When I read the article, I was thinking, "How is forecasting a waste of time?"  
 
Then, I realized that other companies block off specific time to update forecasts, instead of doing it as part of the job.  
 
Agreed that a defined sales process is critical. Then, what becomes critical is that you map that process in your CRM, so that reps can update their invidual opportunities as they move individual prospects along the actual stages; use it to keep track of their own forecasts. When reps keep their own forecast as part of moving a deal along a PROCESS, it helps them organize their own day, week, month, quarter. Once reps find the CRM a useful tool for keeping their own forecast/sanity, it happens naturally.  
 
Unfortunately, some reps have bad habits and they don't update forecasts at the end of the day or after a sales call. Some still use a notepad. That's where 1:1s and coaching comes in.

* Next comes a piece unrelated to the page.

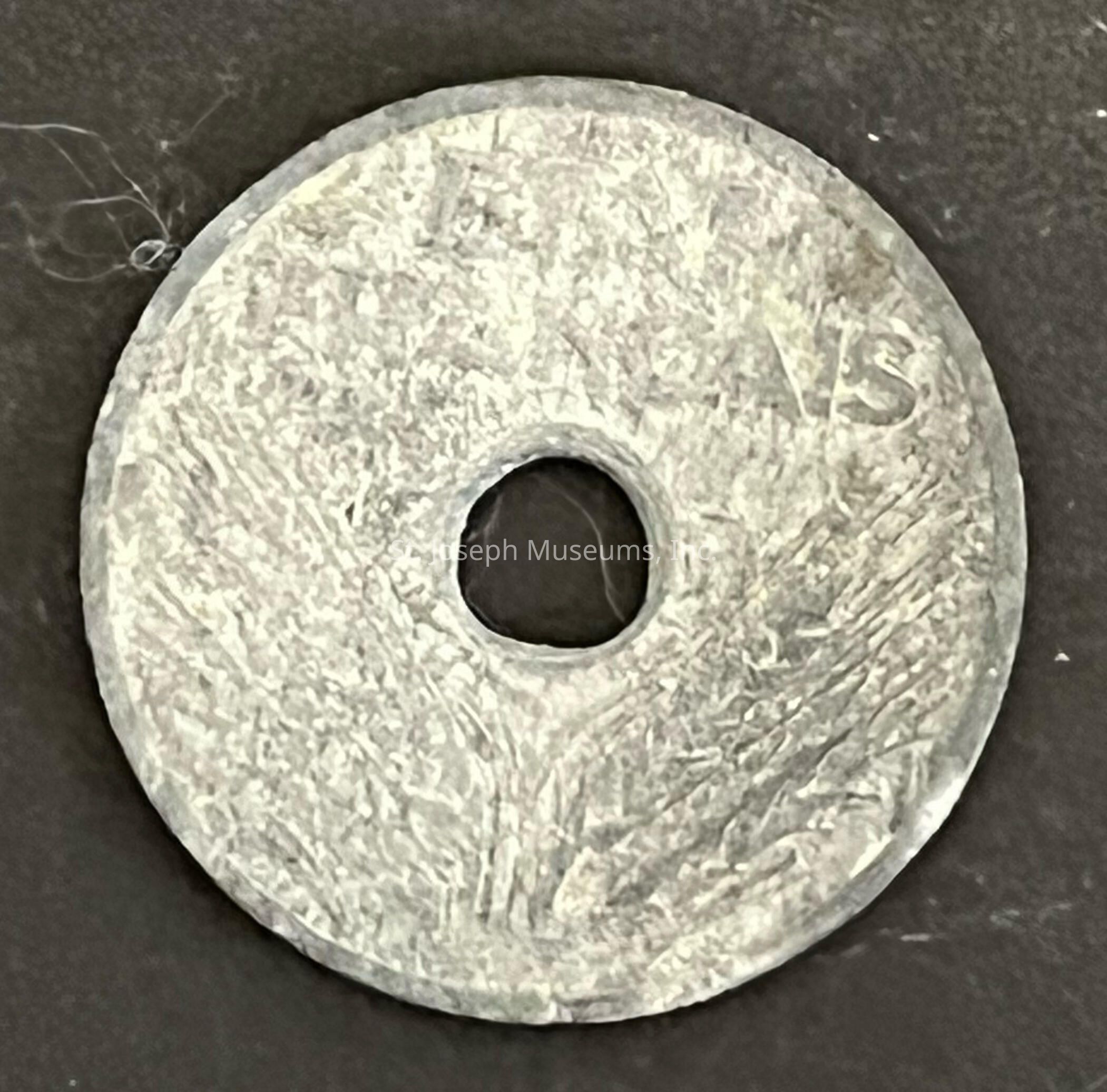 The image depicts an aged, circular, metallic object resembling a coin with a noticeable hole in its center. The surface of the coin is rough and weathered, suggesting it is old or made to appear distressed, lending it a rustic and historical aura. Indistinct markings or engravings are present on the surface, with some characters visible, although they are not entirely legible due to the wear. The raised edge of the coin is slightly rounded, adding dimension to its appearance. Loose strands or fibers near the edge indicate the coin may have been in contact with other materials.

When starting a 1:1, I ask them which opportunities are closing and if it's not in the forecast, we move it to the right stage during our 1:1. This forces them to realize they should do this on their own time, usually, because it gets a little silly sitting their with your manager updating your CRM.  
 
We then pick one or two that they're a bit stuck on, and identify what it's going to take to move it along. Usually, this is very valuable coaching and it gets the forecast up to date weekly, with a small amount of time investment.  
 
As sales managers, we use this "pretty up to date" forecast to determine whether we should run a contest to reward rep activity, early in the month. But, I've never sat in a forecasting meeting with other sales managers or higher ups. They just log into our CRM.